The mine tour is mainly
a walking one today, although there are some old
tracks and ore cars around, reminiscent of those
runaway carts ridden by Indiana Jones in the Temple of
Doom. In times past, royal visitors were indeed taken
through the mines in open, richly upholstered railroad
carriages. These luxurious vehicles are also preserved
and on exhibit in the mines today.
Children and others of
us with childlike impulses taking the tour today are
warned by signs: "Don't lick the walls." But
you can buy several souvenirs made out of salt or salt
crystals. (Thankfully there is no regulation
prohibiting taking the guides' stories with a grain of
the stuff, or if you accidentally do scrape some off
the walls, throwing a little of it over your shoulder
just to make sure you'll find your way out again!)

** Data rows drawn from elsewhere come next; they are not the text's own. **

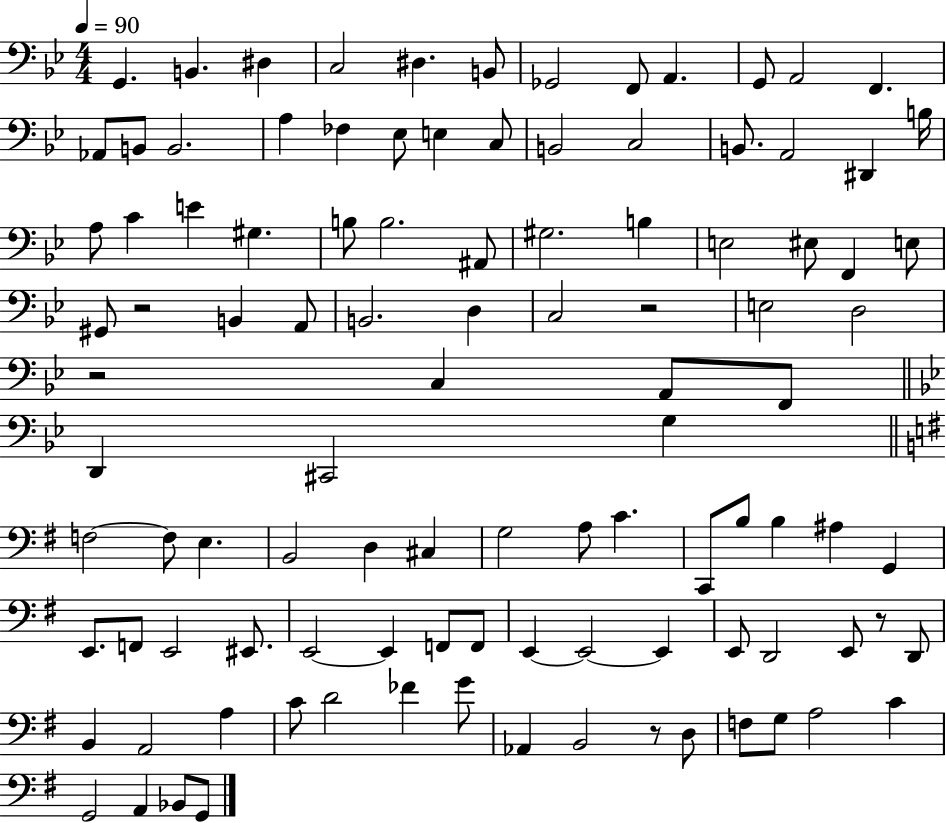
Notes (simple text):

G2/q. B2/q. D#3/q C3/h D#3/q. B2/e Gb2/h F2/e A2/q. G2/e A2/h F2/q. Ab2/e B2/e B2/h. A3/q FES3/q Eb3/e E3/q C3/e B2/h C3/h B2/e. A2/h D#2/q B3/s A3/e C4/q E4/q G#3/q. B3/e B3/h. A#2/e G#3/h. B3/q E3/h EIS3/e F2/q E3/e G#2/e R/h B2/q A2/e B2/h. D3/q C3/h R/h E3/h D3/h R/h C3/q A2/e F2/e D2/q C#2/h G3/q F3/h F3/e E3/q. B2/h D3/q C#3/q G3/h A3/e C4/q. C2/e B3/e B3/q A#3/q G2/q E2/e. F2/e E2/h EIS2/e. E2/h E2/q F2/e F2/e E2/q E2/h E2/q E2/e D2/h E2/e R/e D2/e B2/q A2/h A3/q C4/e D4/h FES4/q G4/e Ab2/q B2/h R/e D3/e F3/e G3/e A3/h C4/q G2/h A2/q Bb2/e G2/e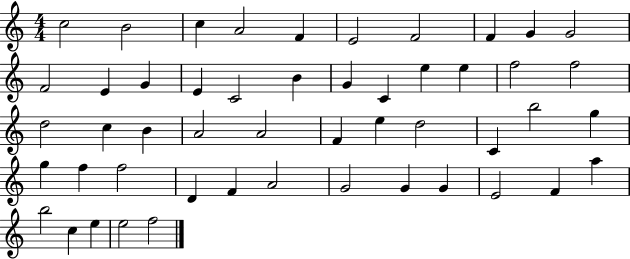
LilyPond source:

{
  \clef treble
  \numericTimeSignature
  \time 4/4
  \key c \major
  c''2 b'2 | c''4 a'2 f'4 | e'2 f'2 | f'4 g'4 g'2 | \break f'2 e'4 g'4 | e'4 c'2 b'4 | g'4 c'4 e''4 e''4 | f''2 f''2 | \break d''2 c''4 b'4 | a'2 a'2 | f'4 e''4 d''2 | c'4 b''2 g''4 | \break g''4 f''4 f''2 | d'4 f'4 a'2 | g'2 g'4 g'4 | e'2 f'4 a''4 | \break b''2 c''4 e''4 | e''2 f''2 | \bar "|."
}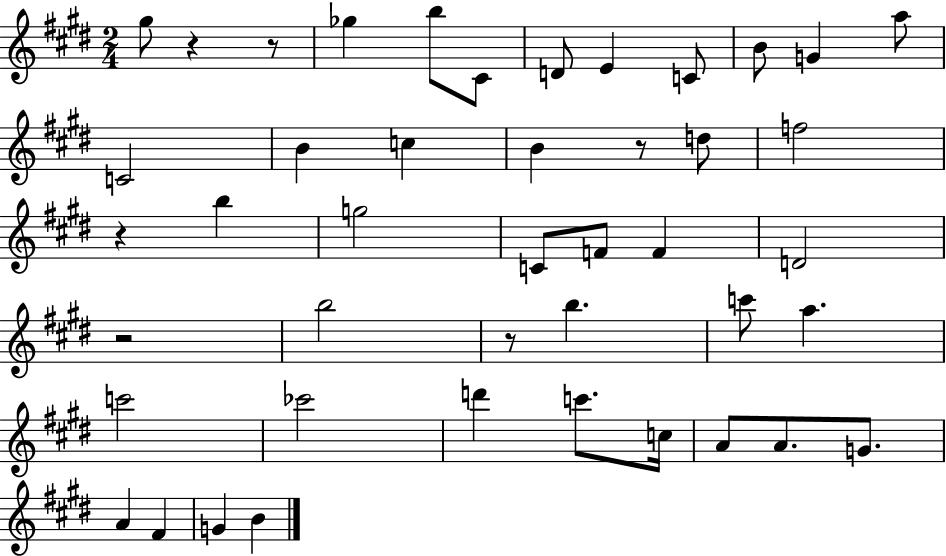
{
  \clef treble
  \numericTimeSignature
  \time 2/4
  \key e \major
  \repeat volta 2 { gis''8 r4 r8 | ges''4 b''8 cis'8 | d'8 e'4 c'8 | b'8 g'4 a''8 | \break c'2 | b'4 c''4 | b'4 r8 d''8 | f''2 | \break r4 b''4 | g''2 | c'8 f'8 f'4 | d'2 | \break r2 | b''2 | r8 b''4. | c'''8 a''4. | \break c'''2 | ces'''2 | d'''4 c'''8. c''16 | a'8 a'8. g'8. | \break a'4 fis'4 | g'4 b'4 | } \bar "|."
}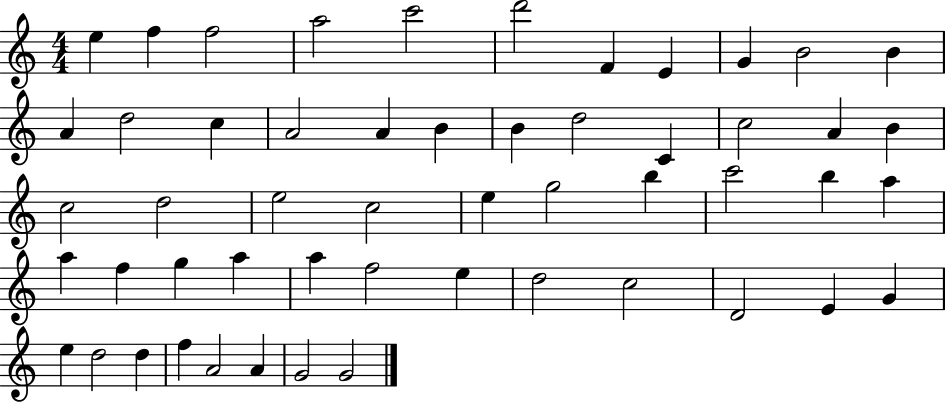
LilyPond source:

{
  \clef treble
  \numericTimeSignature
  \time 4/4
  \key c \major
  e''4 f''4 f''2 | a''2 c'''2 | d'''2 f'4 e'4 | g'4 b'2 b'4 | \break a'4 d''2 c''4 | a'2 a'4 b'4 | b'4 d''2 c'4 | c''2 a'4 b'4 | \break c''2 d''2 | e''2 c''2 | e''4 g''2 b''4 | c'''2 b''4 a''4 | \break a''4 f''4 g''4 a''4 | a''4 f''2 e''4 | d''2 c''2 | d'2 e'4 g'4 | \break e''4 d''2 d''4 | f''4 a'2 a'4 | g'2 g'2 | \bar "|."
}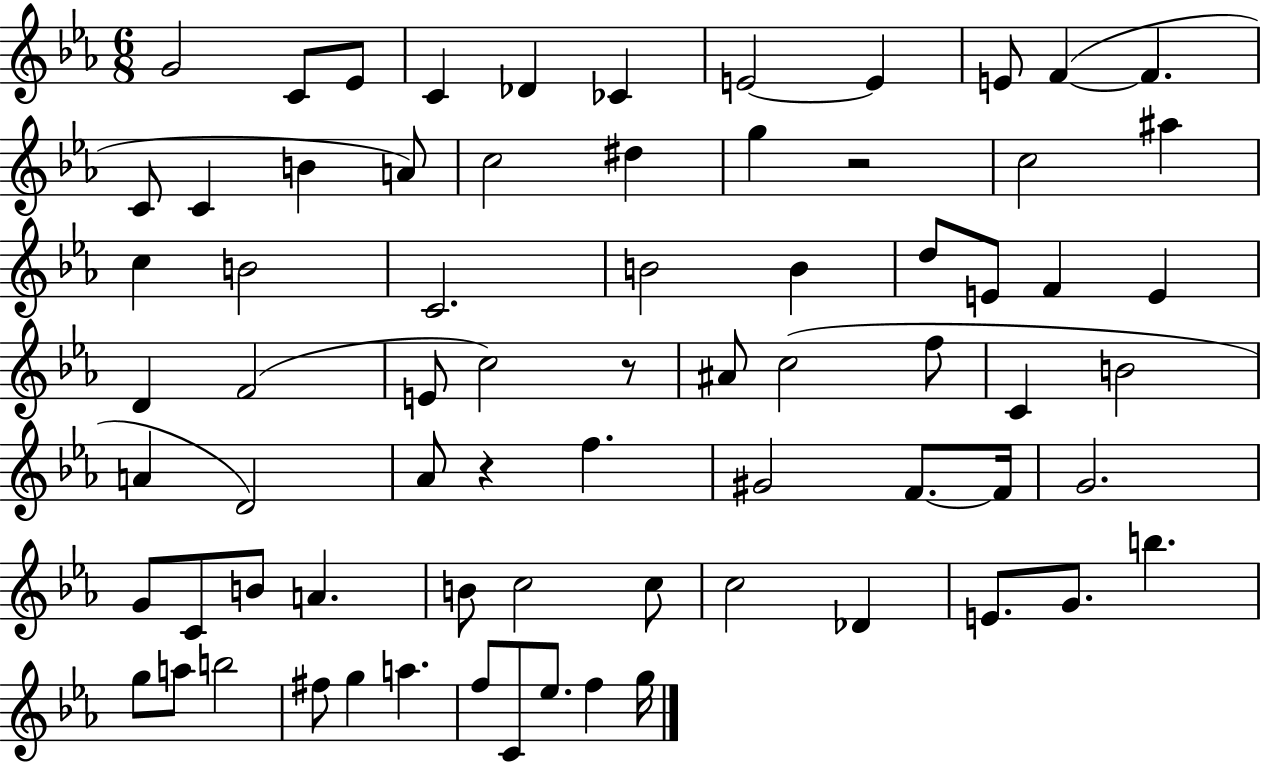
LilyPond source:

{
  \clef treble
  \numericTimeSignature
  \time 6/8
  \key ees \major
  g'2 c'8 ees'8 | c'4 des'4 ces'4 | e'2~~ e'4 | e'8 f'4~(~ f'4. | \break c'8 c'4 b'4 a'8) | c''2 dis''4 | g''4 r2 | c''2 ais''4 | \break c''4 b'2 | c'2. | b'2 b'4 | d''8 e'8 f'4 e'4 | \break d'4 f'2( | e'8 c''2) r8 | ais'8 c''2( f''8 | c'4 b'2 | \break a'4 d'2) | aes'8 r4 f''4. | gis'2 f'8.~~ f'16 | g'2. | \break g'8 c'8 b'8 a'4. | b'8 c''2 c''8 | c''2 des'4 | e'8. g'8. b''4. | \break g''8 a''8 b''2 | fis''8 g''4 a''4. | f''8 c'8 ees''8. f''4 g''16 | \bar "|."
}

Also within striking distance of Krakow are the
preserved portions of the World War II concentration
and death camps of Auschwitz and Birkenau, both
reachable on frequent tours leaving from the city. The
film, "Schindler's List," was made there and
in several locations in Krakow.
Another bus ride out of
Krakow leads to the Tatra Mountains, the highest part
of the Carpathian range, and thence to Zakopane, the
country's winter sports capital. Some Poles would like
Zakopane to be the site of a future winter Olympics, a
highly controversial proposal in a nation of
environmentalists. About 28 percent of Poland consists
of forests, and the strong environmental movement in
the country opposes cutting the swaths of old-growth
forest that would be necessary to construct facilities
suitable for the Olympics.
Meanwhile, Zakopane can
be enjoyed not only for its ski slopes but also, in
warmer months, for its bars and restaurants. Several
of these are also known for rollicking folk songs and
evenings of drinking and frenetic dancing. (A popular
concoction: Highland outlaw tea, a hot drink
consisting of Vodka with just a smidgen of tea.) Just
as in areas of Polish concentration in the United
States, the polka is a popular dance. But foreigners
are often surprised to learn that only its name is
Polish. Poles insist the polka was actually invented
across the border in what is now the Czech Republic.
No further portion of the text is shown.